Some words are crystal clear. “Rape,” “violence,” and “abuse” are some words that have it “easy” as compared to their counterparts. They are definite. They are an entity within themselves. They convey without hesitation and haunt without restriction. Then come the words that, by a meager glance, would seem absolute, but dwell deep within and suddenly you are caught, off guard, in a an ocean of contempt, hatred, and power, but at its basic a word misplaced.
Feminism, like most new, badly “translated” words is under fire. It pops up every now and then on our Facebook, Twitter, and Tumblr feeds and every time it does it leaves a sour aftertaste, often evoking a raging disgust. Unlike “assault,” “murder,” or “rape,” this word (feminism), which at its very essence is merely an 8-letter word, is regrettably misunderstood today’s world. So here is my attempt to explain feminism — not to convince you or deviously manipulate you, but simply to make you aware that you can choose to be associated with this word, or not.
Feminism is a movement. It is a spiritual, physical, virtual movement. A movement or cause that promises equality and respect at all fronts for both women and men. Why do we need feminism? We need feminism because every time in the United States when one individual gets paid 77cents and the other makes a dollar for the same work, just because of the category society put them in, a large portion of equality to snatched right out from under our feet. We need feminism for every time a woman who is sexually assaulted is asked to “keep it quiet” or is blamed for the assault while her perpetrator is able to roam the streets free.
Contrary to popular belief, feminism does not aim to take power or jobs away from men. We (for I am a proud feminist) are here to enable equal opportunity for women and to share this power with men. Many times people, especially men (read any feminist article, website or blog and you’ll see this heinous trend), love to berate the fact that feminists “hate” men. Why? Because feminists merely want women to be able to be credible engineers and scientists and not just a token? Because feminists know that women are as good as men at math? Because women, like men, should have the right to choose a career over marriage? Because a woman’s clothing shouldn’t determine her character?
Why should loving yourself be equivalent to hating someone else? Why is it that when women stand up for themselves, for their bodies, and for their choices, they are shamed and bullied for it? How come when men do the same they are applauded for it? Feminism wasn’t born out of a figment or illusionary context, it was a seed that was sowed and matured after years of harassment, sexism, and discrimination towards women. After years of women being treated as inferior to and by men.

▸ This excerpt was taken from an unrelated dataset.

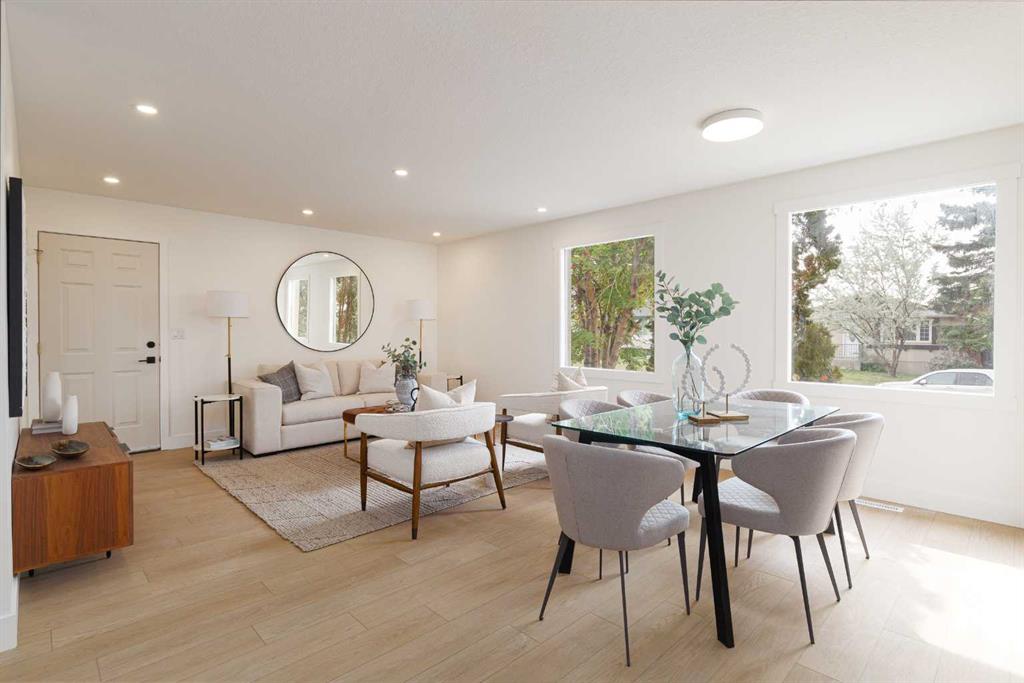 Picture of 3768 Dover Ridge Drive SE, Calgary Real Estate Listing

To enable equal opportunity, individuals need to be seen as equal, irrespective of gender. And as simple as that concept may sound, we still somehow struggle with it in the 21st century. Everywhere we look, women are the “lesser” beings. Hollywood, Bollywood, engineering, cooking, athletes, you name it. It’s abundantly clear, when The Huffington Post or The Guardian choose to make a symbol of a woman who succeeds in engineering or computer science, that we clearly have not made much progress. Why is it that when a woman does well, it’s still newsworthy?
Feminism isn’t petty. It has various forms, definitions and branches, if you will, as does every movement — some of which I don’t necessarily agree with, and some which I actively defy. In a world where so many opinions and experiences exist, perspectives will differ and they must. And while this may often lead to misunderstanding, conflict and even hate, it ultimately helps pave the way for better solutions.
Most, if not all, schools of feminism aim to empower women. They aim to give women a choice — a choice to live her life however she wills it, to have sex (gasp!) if she wants, to not have babies (even bigger gasp!) if that’s her choice, and to wear what she wants. But most of all feminism aims to recognize women as individuals first and then as “women,” and not just as baby-making machines.
Women are not an entity. They are no one’s right and they owe “society” nothing. They are a whole being, not a link or an association, and that is what feminism preaches. Equality. That’s it. Not so complicated now, is it?